### Dataset entries
---------------

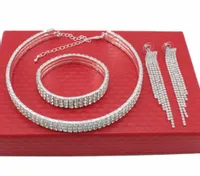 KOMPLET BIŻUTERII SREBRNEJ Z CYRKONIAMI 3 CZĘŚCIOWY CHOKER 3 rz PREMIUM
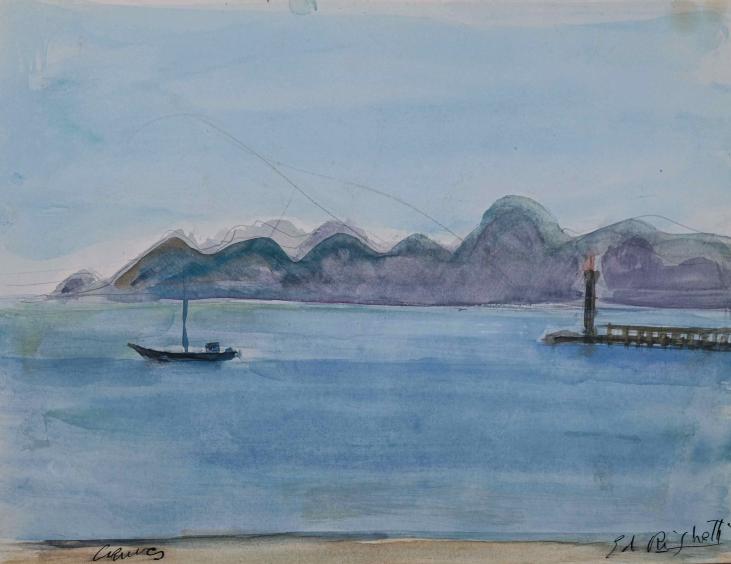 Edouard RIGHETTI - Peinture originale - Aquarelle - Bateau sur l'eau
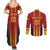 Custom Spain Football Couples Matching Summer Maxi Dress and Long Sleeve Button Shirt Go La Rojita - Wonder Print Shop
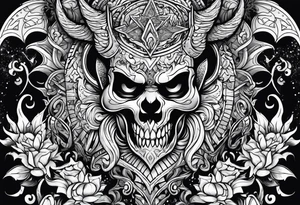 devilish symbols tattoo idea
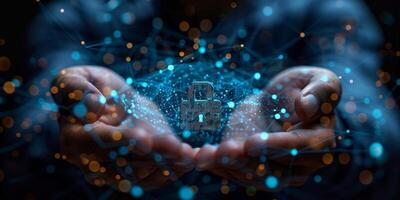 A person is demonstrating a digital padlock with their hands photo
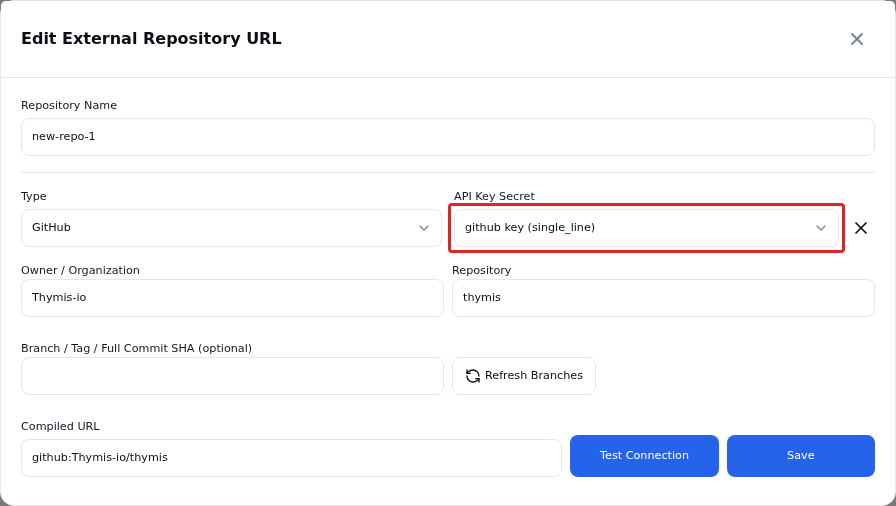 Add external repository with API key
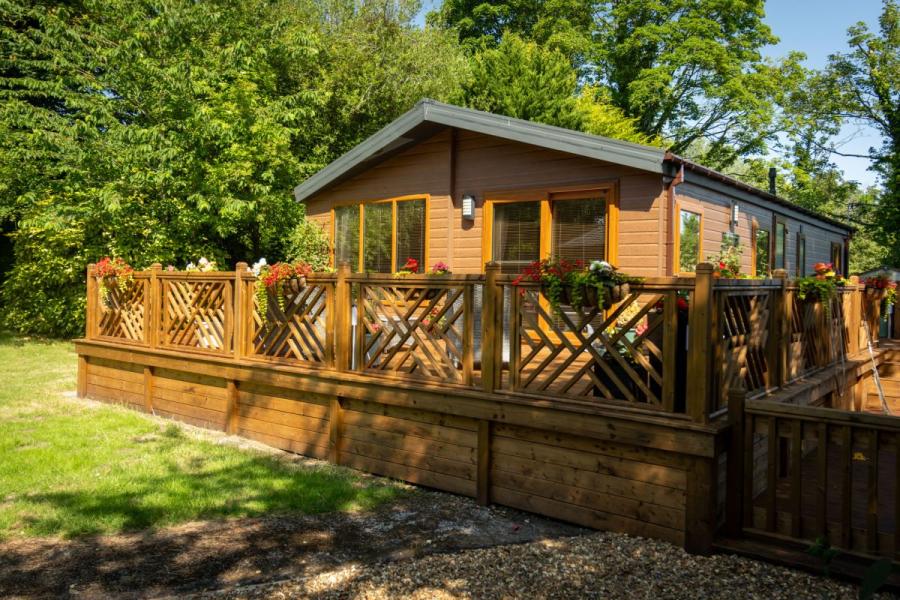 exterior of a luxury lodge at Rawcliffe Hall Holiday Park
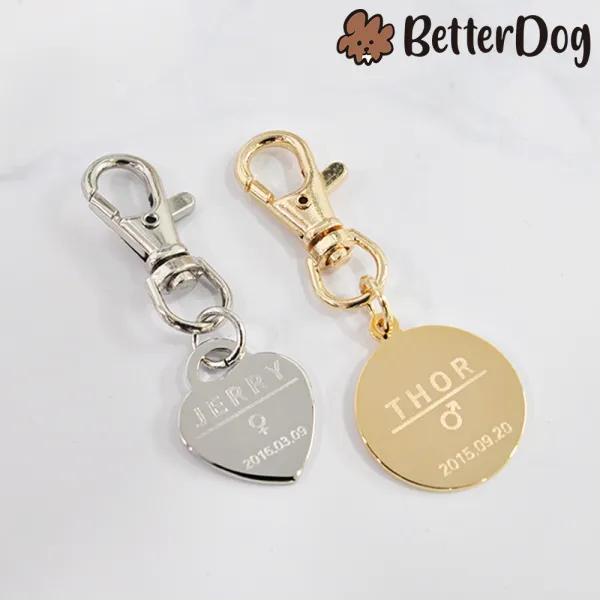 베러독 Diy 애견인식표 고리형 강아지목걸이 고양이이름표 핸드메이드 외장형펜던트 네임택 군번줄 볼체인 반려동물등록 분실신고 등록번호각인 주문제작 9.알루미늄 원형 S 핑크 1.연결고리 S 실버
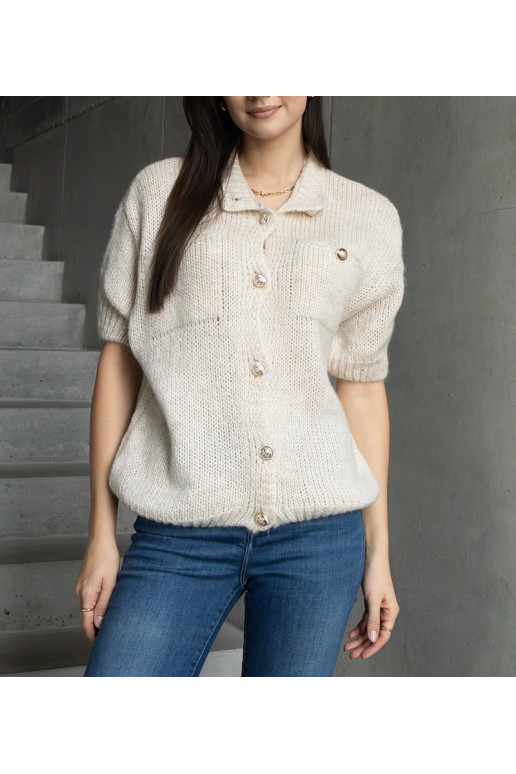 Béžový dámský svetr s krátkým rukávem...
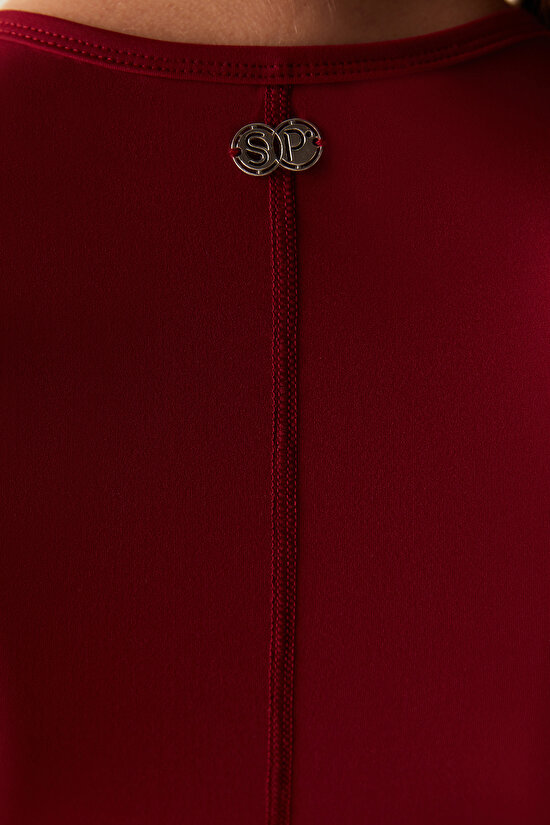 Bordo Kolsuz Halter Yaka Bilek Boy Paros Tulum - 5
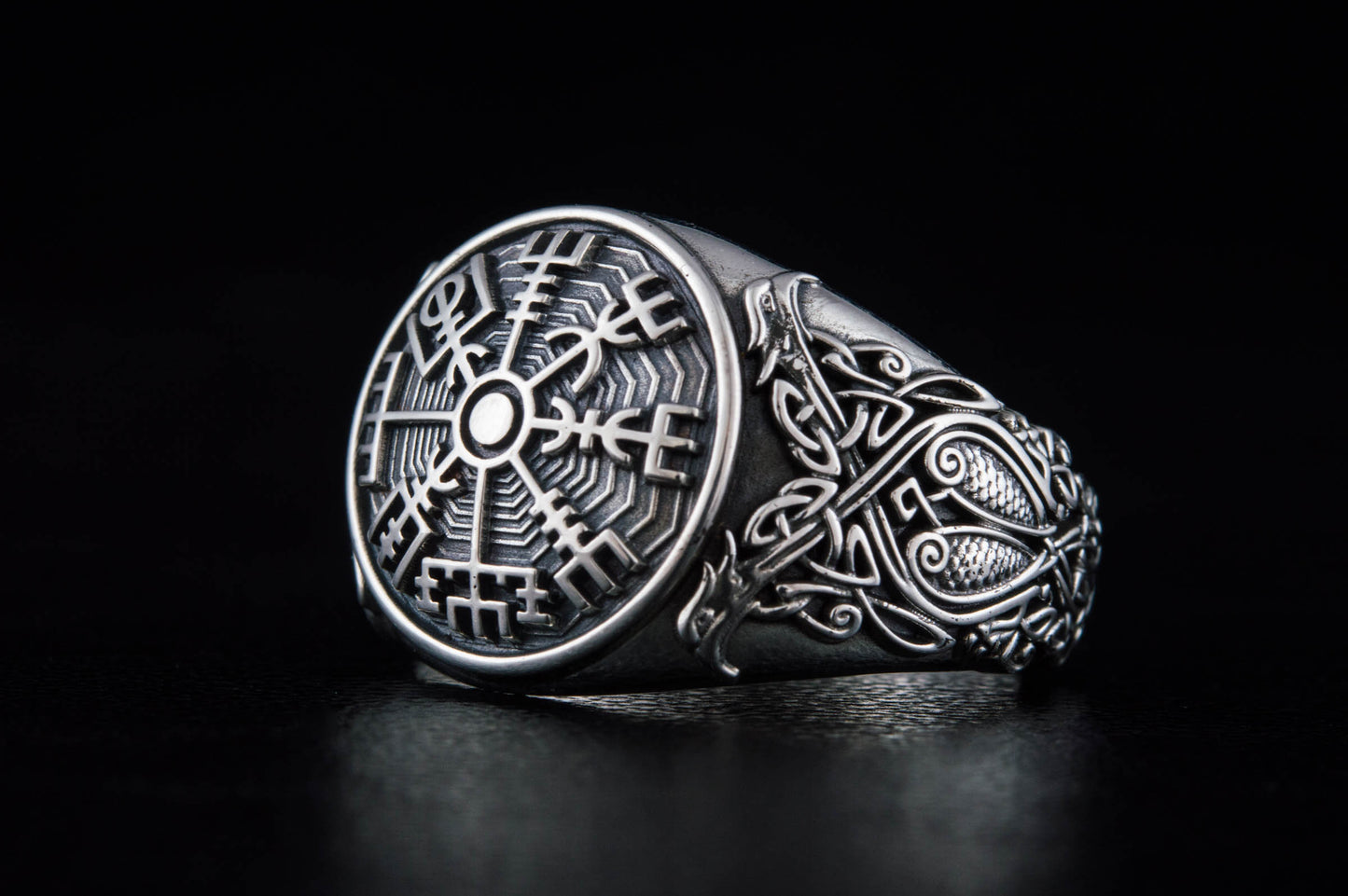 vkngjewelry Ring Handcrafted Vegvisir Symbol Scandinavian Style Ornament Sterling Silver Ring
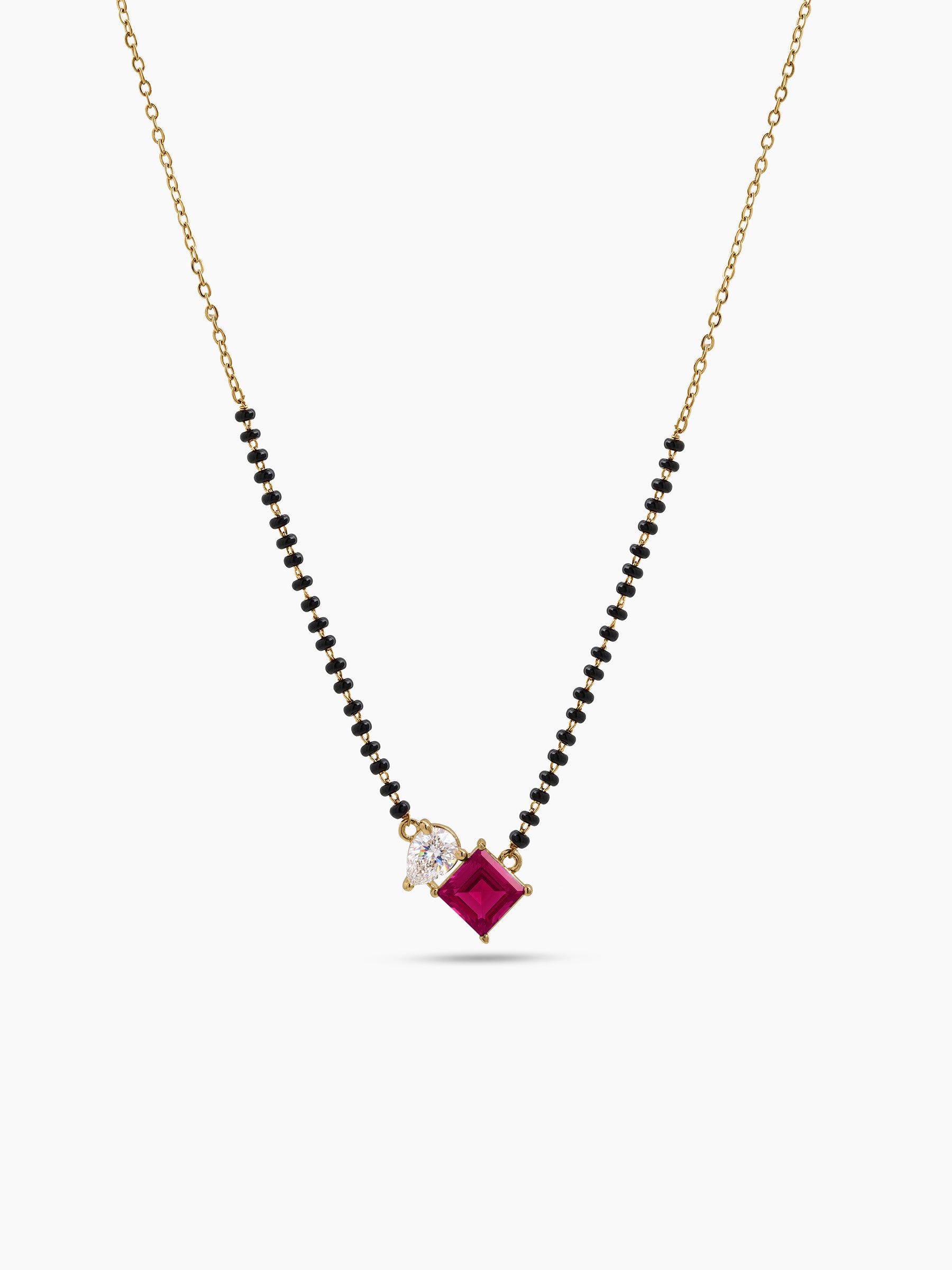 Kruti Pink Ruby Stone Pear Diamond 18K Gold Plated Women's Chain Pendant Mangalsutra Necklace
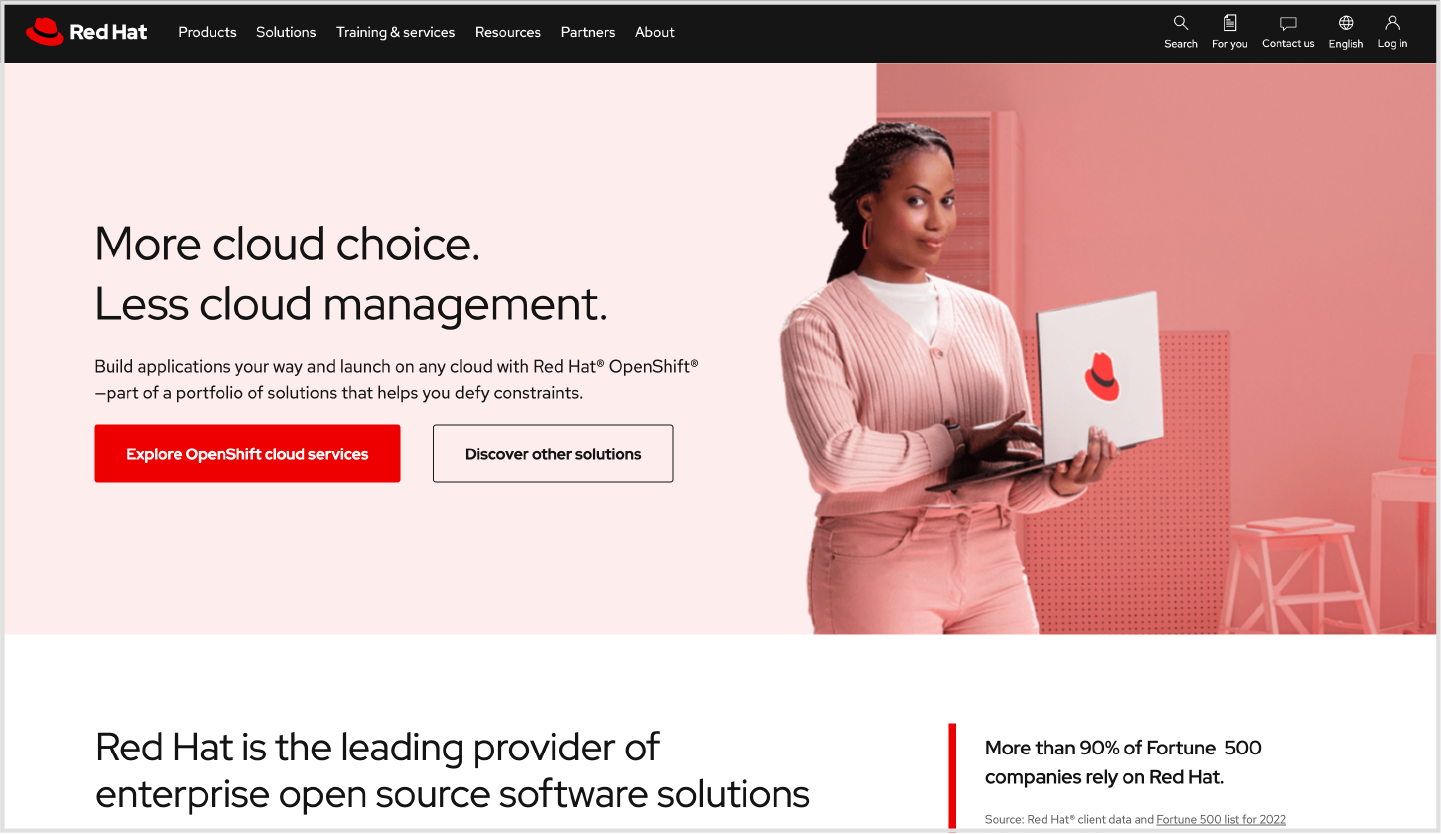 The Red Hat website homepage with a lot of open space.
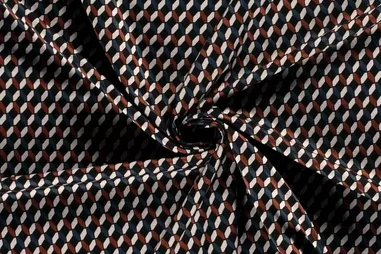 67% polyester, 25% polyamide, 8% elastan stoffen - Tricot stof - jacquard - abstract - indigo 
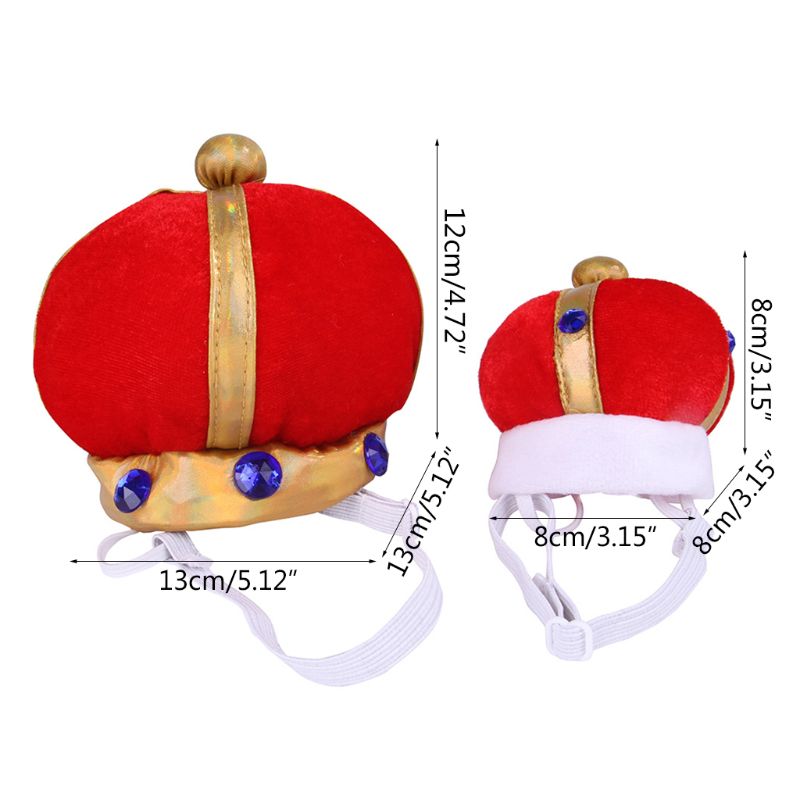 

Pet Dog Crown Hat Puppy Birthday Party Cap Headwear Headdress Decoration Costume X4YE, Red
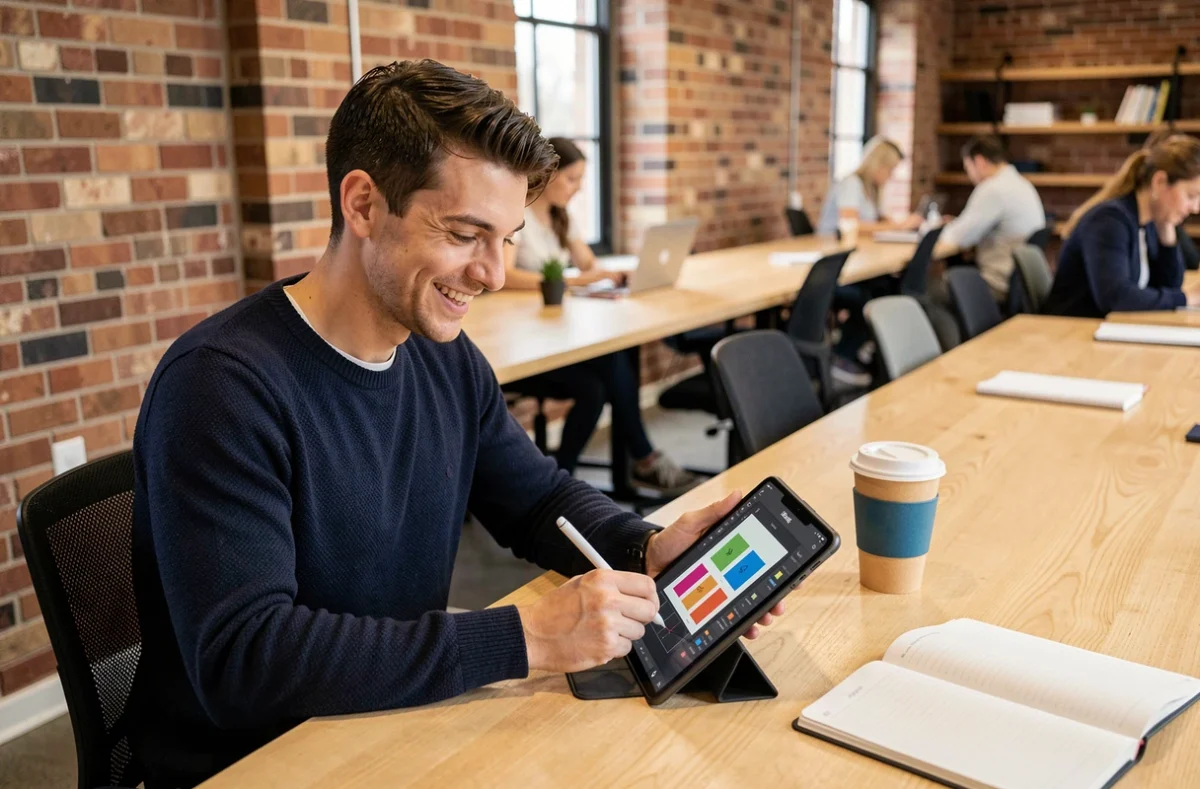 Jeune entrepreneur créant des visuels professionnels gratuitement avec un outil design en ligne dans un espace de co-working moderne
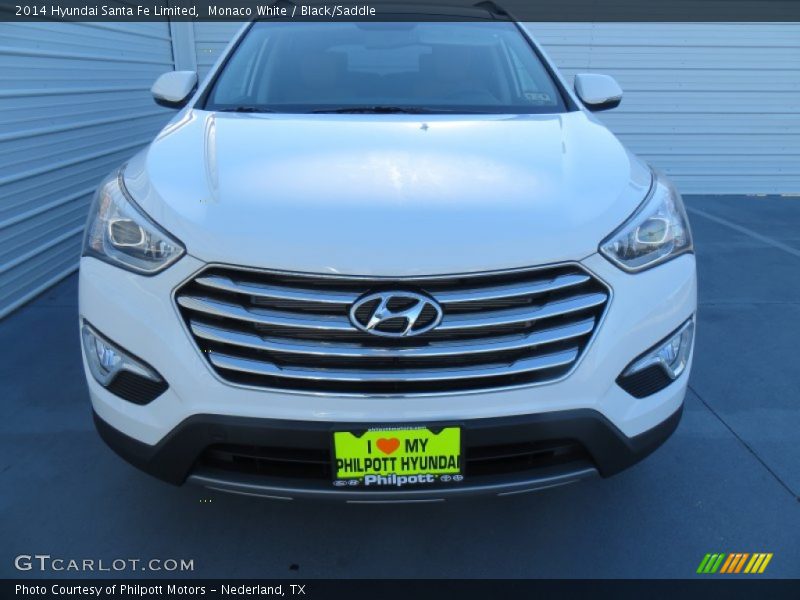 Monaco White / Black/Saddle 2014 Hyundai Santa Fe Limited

---------------

### Exercise description
For this exercise, set down exactly the lines that run from the line holding "devilish symbols tattoo idea" to the last line of the records above; include both end lines and omit pictures.

### Worked solution
 devilish symbols tattoo idea
 A person is demonstrating a digital padlock with their hands photo
 Add external repository with API key
 exterior of a luxury lodge at Rawcliffe Hall Holiday Park
 베러독 Diy 애견인식표 고리형 강아지목걸이 고양이이름표 핸드메이드 외장형펜던트 네임택 군번줄 볼체인 반려동물등록 분실신고 등록번호각인 주문제작 9.알루미늄 원형 S 핑크 1.연결고리 S 실버
 Béžový dámský svetr s krátkým rukávem...
 Bordo Kolsuz Halter Yaka Bilek Boy Paros Tulum - 5
 vkngjewelry Ring Handcrafted Vegvisir Symbol Scandinavian Style Ornament Sterling Silver Ring
 Kruti Pink Ruby Stone Pear Diamond 18K Gold Plated Women's Chain Pendant Mangalsutra Necklace
 The Red Hat website homepage with a lot of open space.
 67% polyester, 25% polyamide, 8% elastan stoffen - Tricot stof - jacquard - abstract - indigo 

Pet Dog Crown Hat Puppy Birthday Party Cap Headwear Headdress Decoration Costume X4YE, Red
 Jeune entrepreneur créant des visuels professionnels gratuitement avec un outil design en ligne dans un espace de co-working moderne
 Monaco White / Black/Saddle 2014 Hyundai Santa Fe Limited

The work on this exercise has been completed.